ところで、雑誌『荷風!』が今後も続いていくとしたら、永井荷風に関連する街というのは限られてるでしょうから、その題名は今後はだんだん象徴的な意味合いになっていくんでしょう、きっと。次号は横浜だそうです。
『荷風!』には毎号、ご当地ソングと、その街が舞台となっている映画についての記事が載ります。今号は銀座・有楽町ということなんですが、うちの本棚を探したらこんな本が出てきました。
保田武宏(やすだ・たけひろ)著『銀座はやり歌 1925―1993』(1994年・平凡社刊)。

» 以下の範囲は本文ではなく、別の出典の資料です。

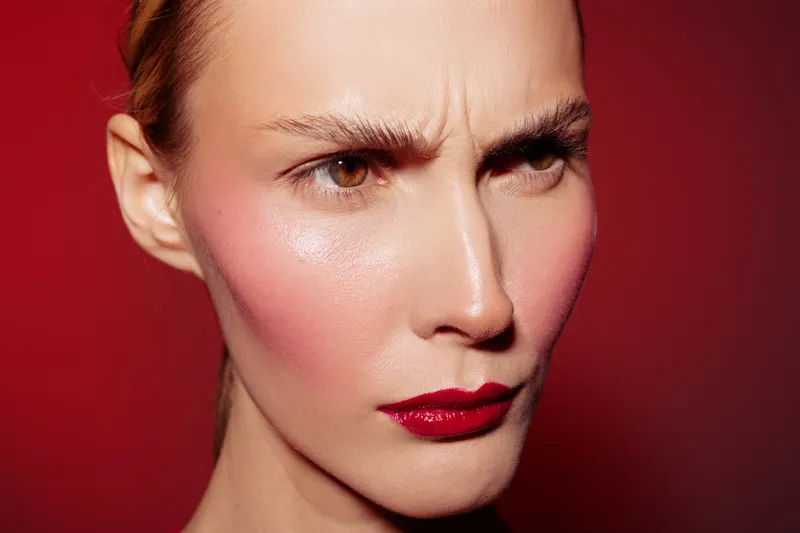 Close-up of a woman with red lipstick and flushed cheeks frowning against a red background. Concept of emotion, beauty, makeup, and facial expression in studio lighting.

巻末に『銀座の流行歌一覧』という厖大な量のデータが収録されております。これはかなり凄いんですけど、題名や歌詞に一回でも銀座と出てくるものは全てピックアップしてますので、歌の「“銀座”度」というのが不明なんですね。
たとえば
春日八郎の『東京ウエスタン』のように、ネオン街の代名詞として、銀座の砂漠をひとり行く…みたいな使われ方をしてるのもあれば、
瀬川伸の『銀座ラプソディー』のように、銀座の街そのものをしっとりと歌い上げているものもあるわけで、
一概に銀座のご当地ソングと括っていいものかどうか、という問題があります。
『荷風!』Vol.4でも紹介されているオムニバスCD『銀座浪漫』。レコード会社を超えてコンピレーションされております。マストバイです。